I have my doubts about the ‘bang’ though, as it seems that it wasn’t heard by everyone...and there is no reason for pack to shutdown with an noise at all.

Excuse my ignorance, but a pack of what?
 
Actually, on Qantas flights I have plunged from 30-40,000 feet on about 300 occasions!! And on all of those 300 flights we were forced to land!! The horror!!
 
Would a pilot consider the repercussions of diverting to a smaller airport that may not have servicing facilities? MQL was a lot closer than MEL. Would it have been considered? Or by going to MEL does it indicate that the aircraft did not need to land ASAP?
 
If you were the least bit antsy about flying I’m pretty sure the use of masks and dropping 15000 feet suddenly to be very distressing.
 
Would a pilot consider the repercussions of diverting to a smaller airport that may not have servicing facilities? MQL was a lot closer than MEL. Would it have been considered? Or by going to MEL does it indicate that the aircraft did not need to land ASAP?

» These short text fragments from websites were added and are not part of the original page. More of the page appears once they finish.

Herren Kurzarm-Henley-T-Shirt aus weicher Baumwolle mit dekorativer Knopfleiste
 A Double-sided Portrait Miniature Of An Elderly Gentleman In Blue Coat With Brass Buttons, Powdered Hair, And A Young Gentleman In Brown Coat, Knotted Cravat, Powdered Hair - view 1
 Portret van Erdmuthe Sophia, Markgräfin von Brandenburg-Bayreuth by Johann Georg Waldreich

There was no hurry to land at all. If fact, if they'd had the fuel to do so, they could have continued to their destination. The only real negative is that at 10,000', you're outside of controlled airspace. Possibly the only thing that surprises me is that the masks were deployed. I'd have thought you'd have a pretty good chance of beating the automatic deployment...so perhaps the plunge wasn't plungy enough.

This really is the media talking up a non event.
 
So how many have had to use the oxygen masks? I’ve not read one instance on AFF. Doesn’t that qualify it as something very unusual?
 
Again, journalism at its best.

Was reading about an aborted takeoff recently in Europe (can’t/don’t want to find the reference) The headlines were that 8 people injured in an aborted takeoff and .. first paragraph indicated flight attendants were screaming during the incident.

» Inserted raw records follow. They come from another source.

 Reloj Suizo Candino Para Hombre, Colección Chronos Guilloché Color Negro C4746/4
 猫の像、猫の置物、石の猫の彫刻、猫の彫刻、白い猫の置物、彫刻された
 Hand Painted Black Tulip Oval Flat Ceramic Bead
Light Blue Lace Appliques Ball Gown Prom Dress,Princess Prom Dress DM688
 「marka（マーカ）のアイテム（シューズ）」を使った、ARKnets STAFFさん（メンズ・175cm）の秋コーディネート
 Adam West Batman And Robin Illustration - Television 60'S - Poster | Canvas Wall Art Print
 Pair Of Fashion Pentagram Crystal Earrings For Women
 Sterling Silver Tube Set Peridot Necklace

Read further and 8 received minor injuries during slide evacuation (not during the aborted takeoff itself) and flight attendants were screaming instructions to evacuate once the call was made to evacuate the aircraft.
 
Was reading about an aborted takeoff recently in Europe (can’t/don’t want to find the reference) The headlines were that 8 people injured in an aborted takeoff and .. first paragraph indicated flight attendants were screaming during the incident.

Read further and 8 received minor injuries during slide evacuation (not during the aborted takeoff itself) and flight attendants were screaming instructions to evacuate once the call was made to evacuate the aircraft.

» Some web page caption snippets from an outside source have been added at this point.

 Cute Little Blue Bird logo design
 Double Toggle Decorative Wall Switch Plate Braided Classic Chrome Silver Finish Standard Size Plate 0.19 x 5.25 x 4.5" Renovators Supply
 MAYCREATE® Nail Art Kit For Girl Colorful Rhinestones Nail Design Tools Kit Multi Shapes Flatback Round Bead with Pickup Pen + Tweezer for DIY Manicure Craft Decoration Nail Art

There is only one method for evacuating an aircraft, and that’s as fast as possible. You’ll possibly hear words from the flight attendants that you didn’t think they knew, especially if you try to take your luggage. From the Captain’s point of view...an evacuation will ALWAYS cause some injuries, and potentially even some serious ones, so it isn’t something to be lightly undertaken.

Oxygen masks...well, they’ll drop if the cabin altitude exceeds about 13-14,000 feet, or if manually activated. Some emergency descent checklists include the manual activation. If the packs are turned off at about FL250, the aircraft cabin will ‘bleed’ up to your cruising altitude. It shouldn’t be all that fast, but the number is indeterminate. Basically the aircraft are not air tight...they pressurise because you pump in more air than leaks out. Once the packs stop, the leaks win. I’d expect a climb rate of no more that 1,000 feet per minute, but it’s not something I’ve ever tested. The idea in this sort of descent is to get down below 13,000’ before the masks automatically trip, and also not to activate them manually.
 
I disagree that it was a 'non event'.

Technically maybe, especially for those knowing at the time what was happening and what the repercussions would be ( minimal), but for Joe Punter in 32B, it would be concerning at a minimum and terrifying at the other end. We know at these times communication with the passengers is a very low priority so the angst was probably not over quickly.

Media reports what They are told. Not for them to discount passengers stories.

I like @Pushka s other thread about who amongst us have experienced an in flight emergency as a pax. Not me and if it happened I'd be coughping myself.